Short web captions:
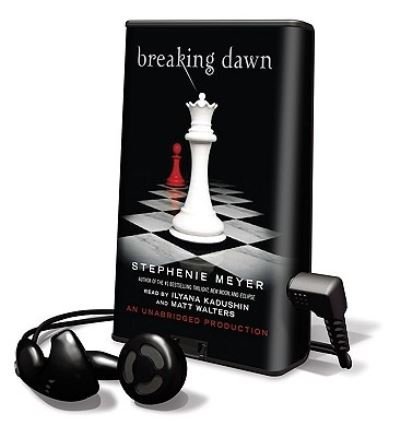 Cover for Stephenie Meyer · Breaking Dawn (N/A) (2010)
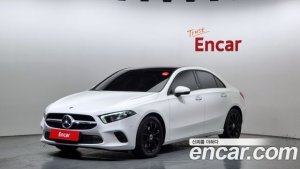 Mercedes-Benz A-Class A220 SEDAN 2020 года из Южной Кореи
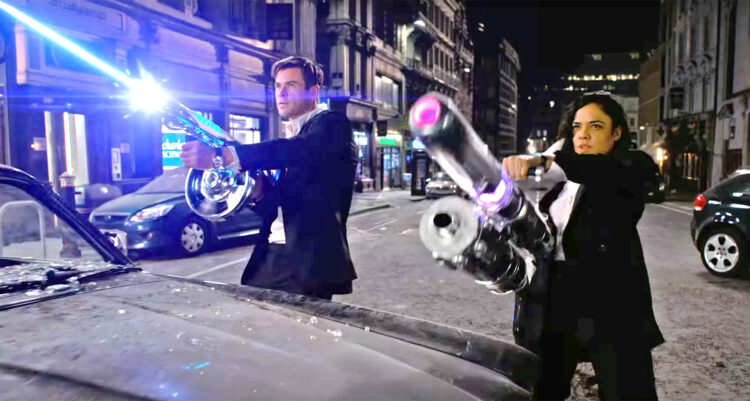 Men In Black International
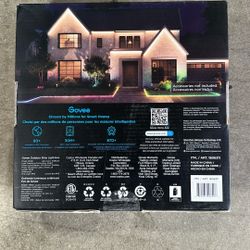 Govee Outdoor Strip Light Evo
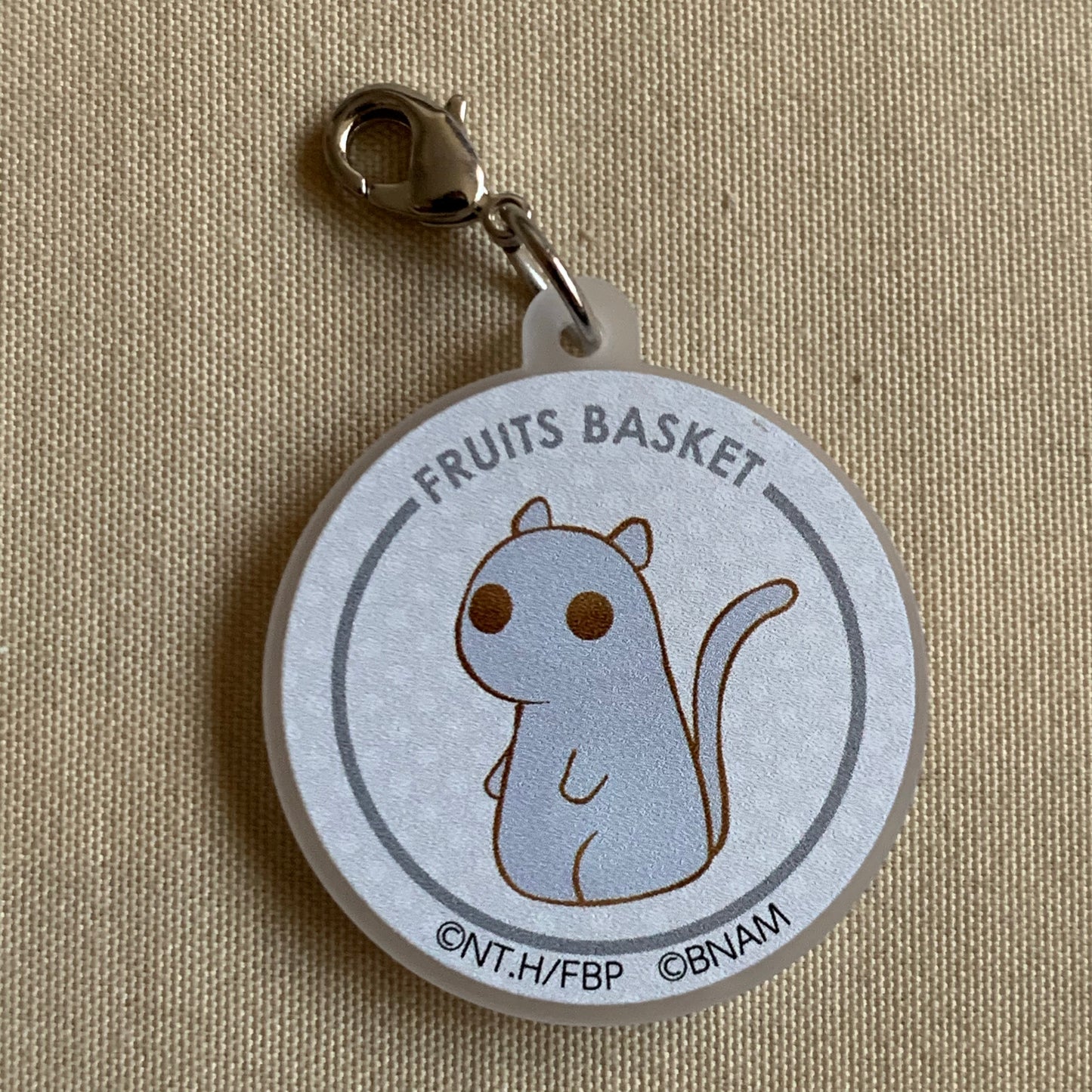 Fruits Basket Namjatown Acrylic Charm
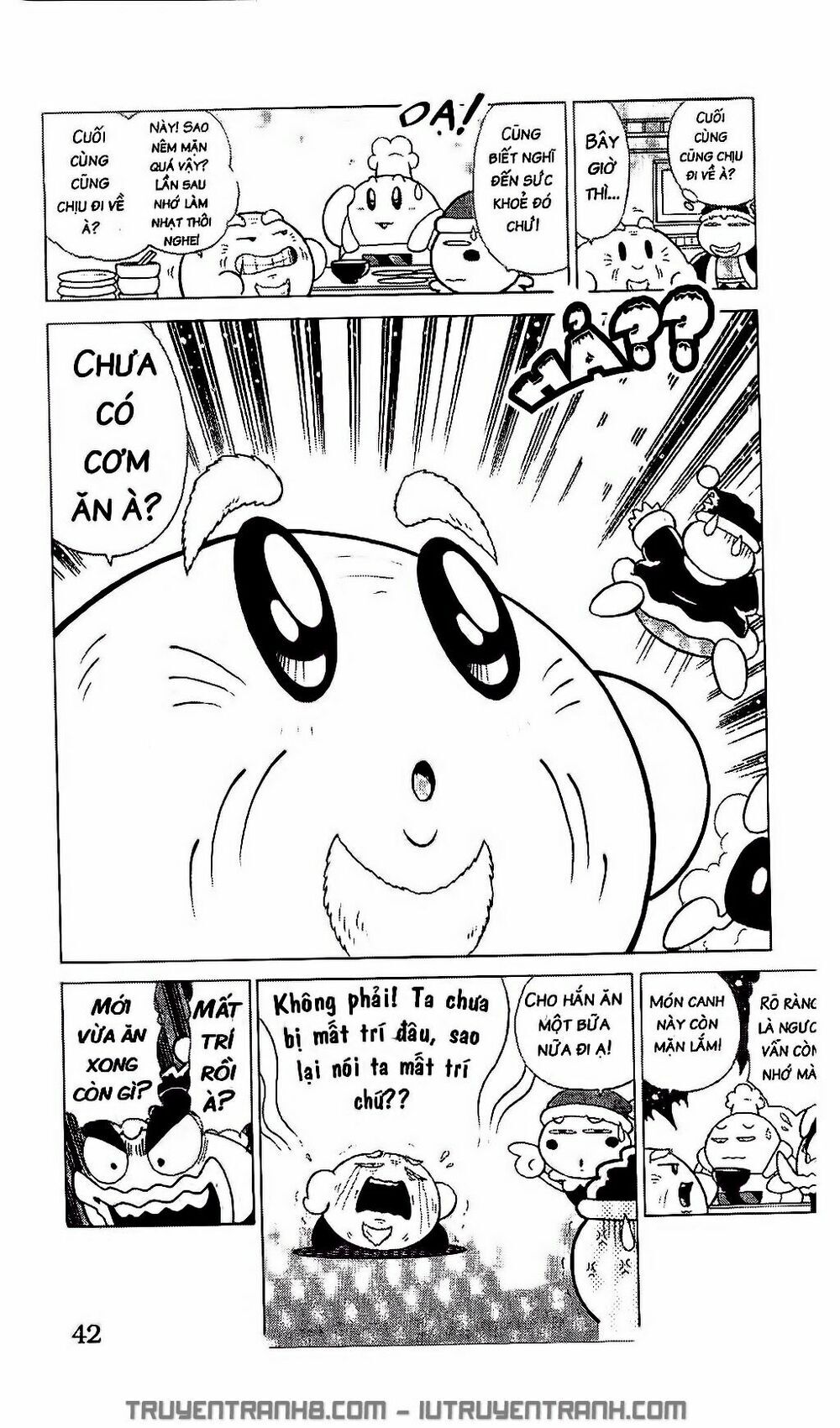 Ngôi Sao Kabi Chapter 91 - Trang 2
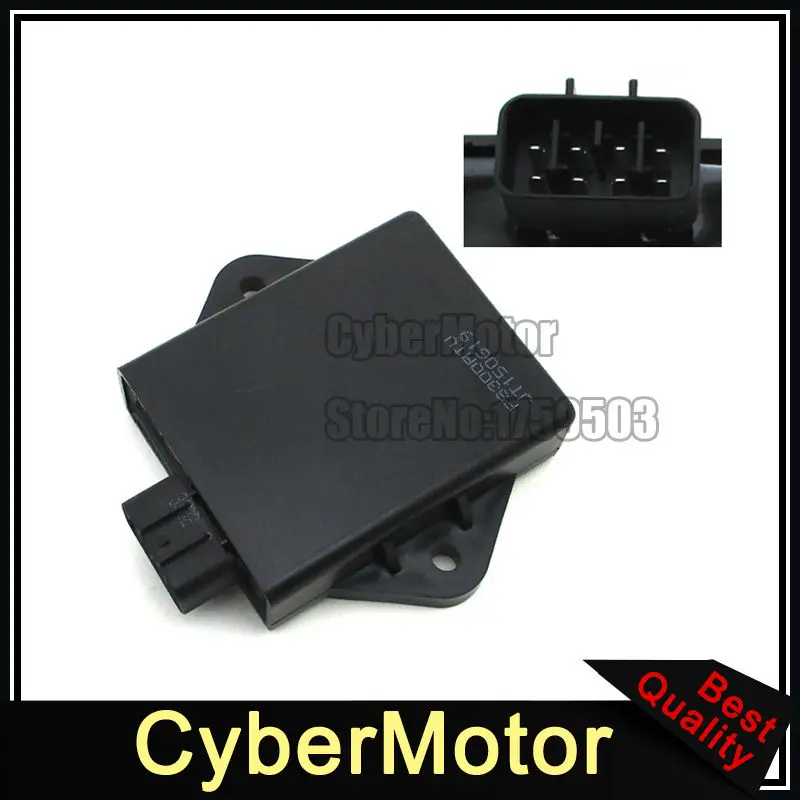 8 Pin Ignition DC CDI Box For ATV Quad 4 Wheeler Panther UTV 300cc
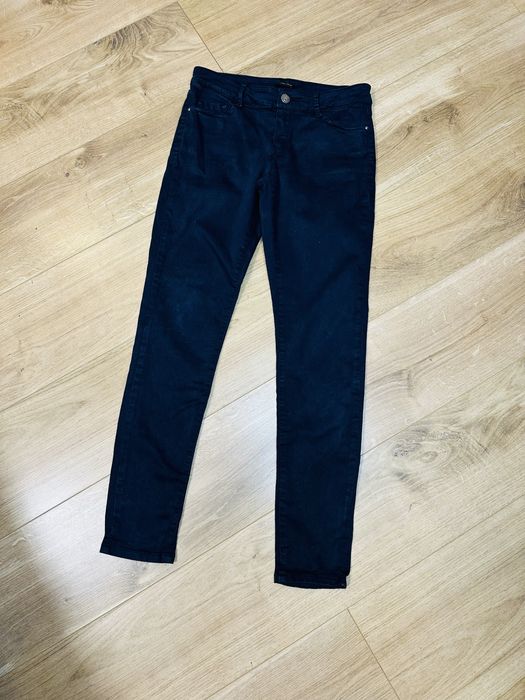 Темно-сині штани massimo dutti 36 розміру s Віддам безкоштовно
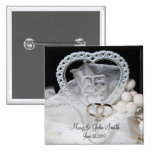 25to Aniversario de boda Pin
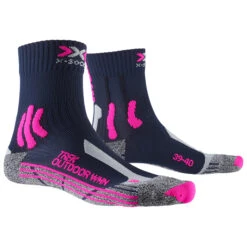X-Socks - Women's Trek Outdoor - Chaussettes De Randonnée -Sport Chaussettes Magasin x socks womens trek outdoor chaussettes de randonnee 2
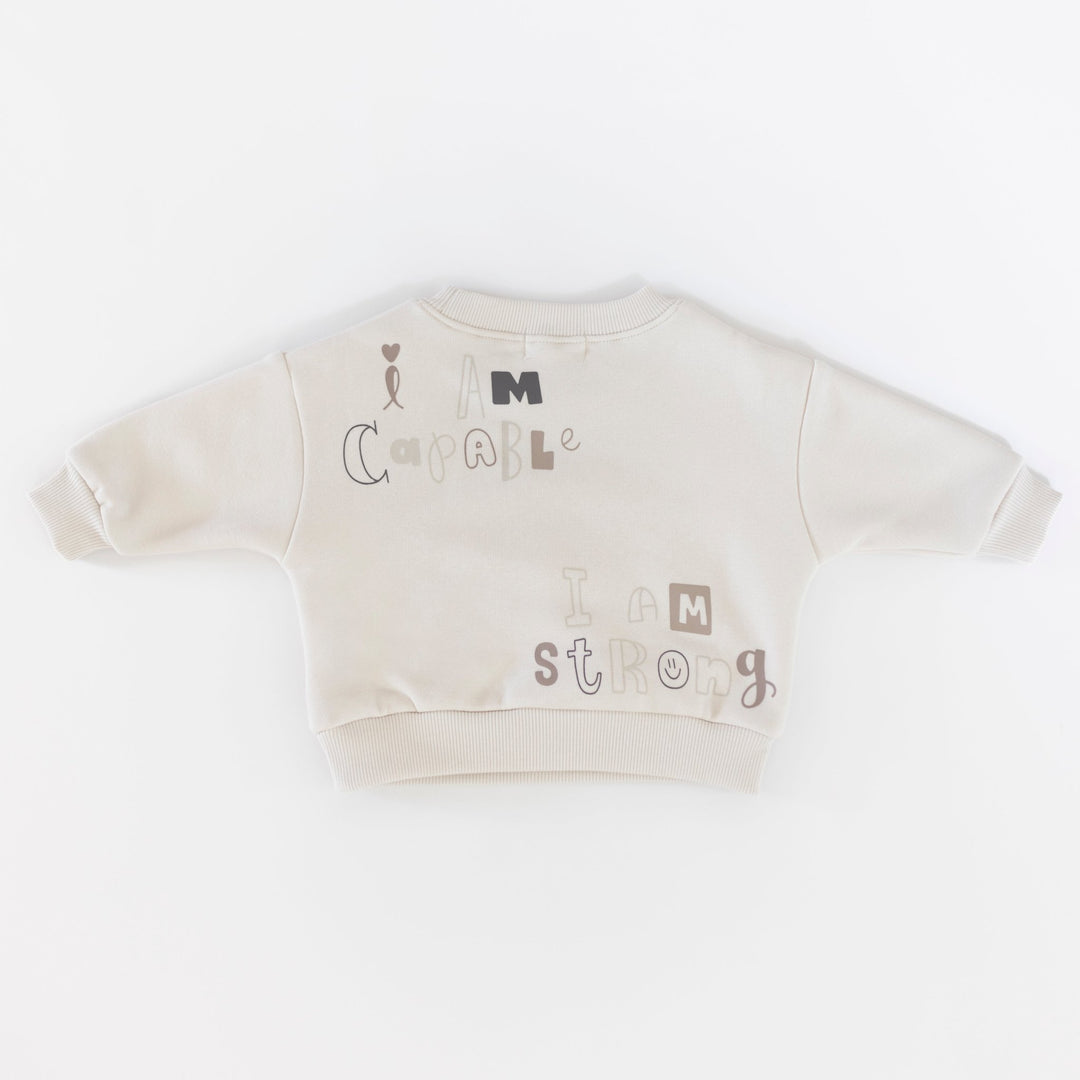 Affirmation Sweat Set - shopatlasgrey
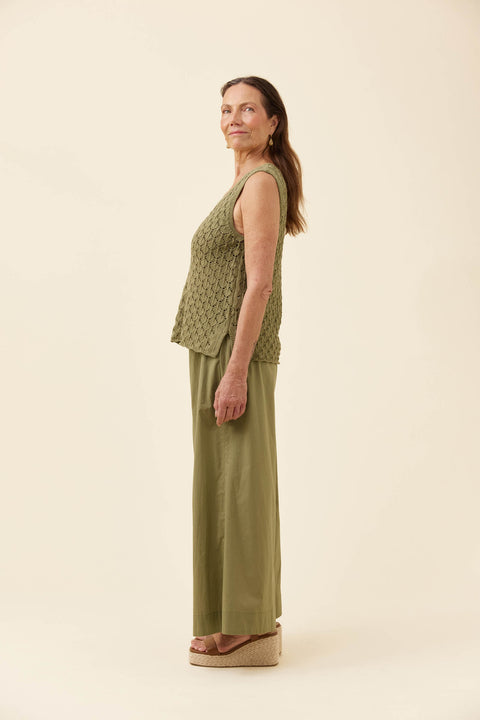 Mia Knit Top - Willow Collective Mudgee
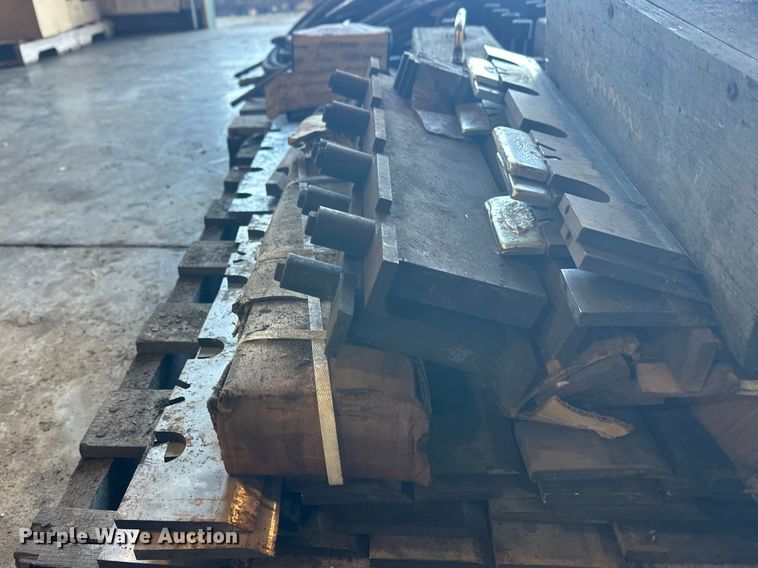 image for item FK1705 Morbark 20 wood chipper parts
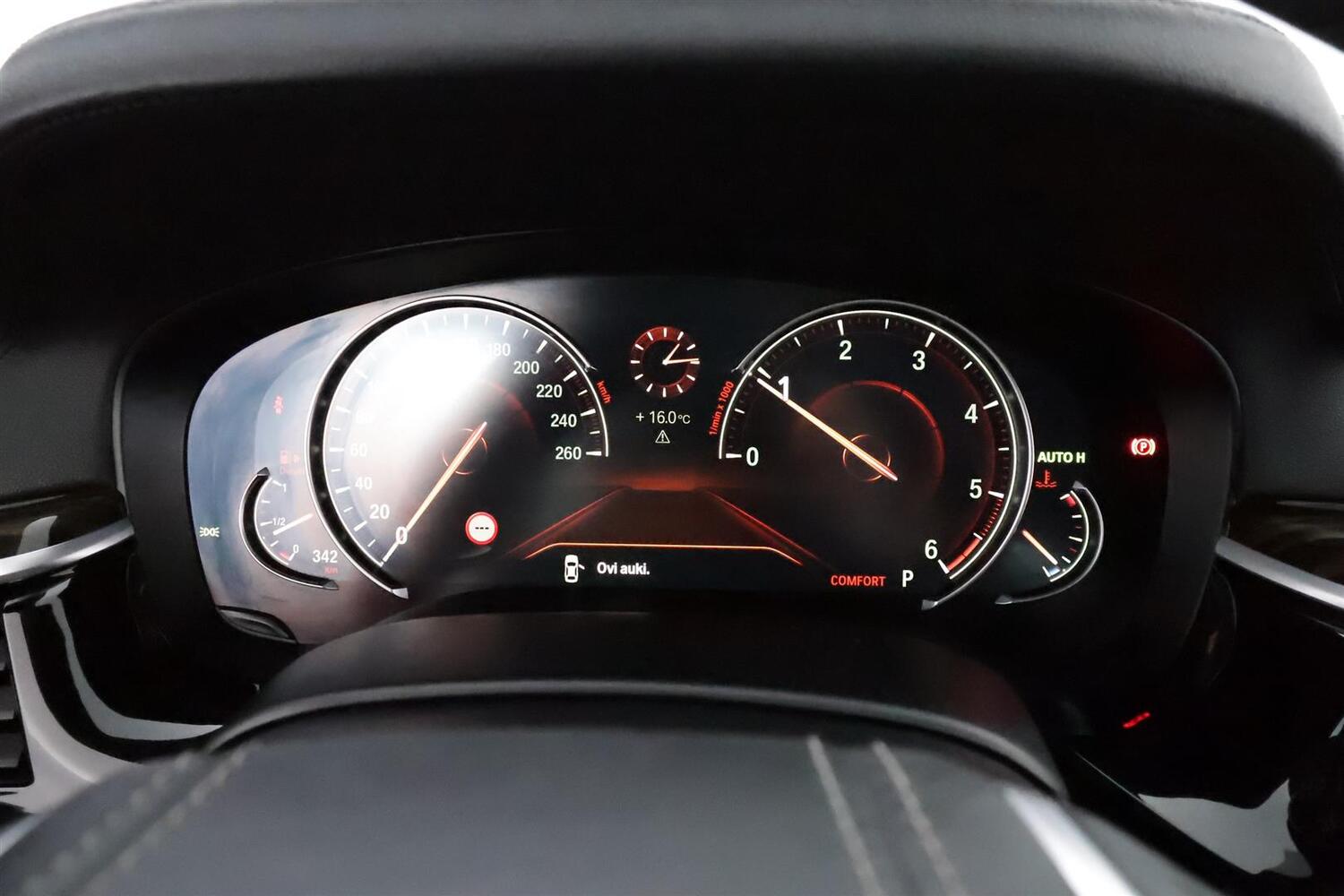BMW 520 vaihtoauto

:: PROMPT ::
Return the stretch of data that begins with the line showing "Темно-сині штани massimo" and goes on through the line showing "X-Socks - Women's", exactly, with pictures removed.

:: ANSWER TO THIS TASK ::
 Темно-сині штани massimo dutti 36 розміру s Віддам безкоштовно
 25to Aniversario de boda Pin
X-Socks - Women's Trek Outdoor - Chaussettes De Randonnée -Sport Chaussettes Magasin x socks womens trek outdoor chaussettes de randonnee 2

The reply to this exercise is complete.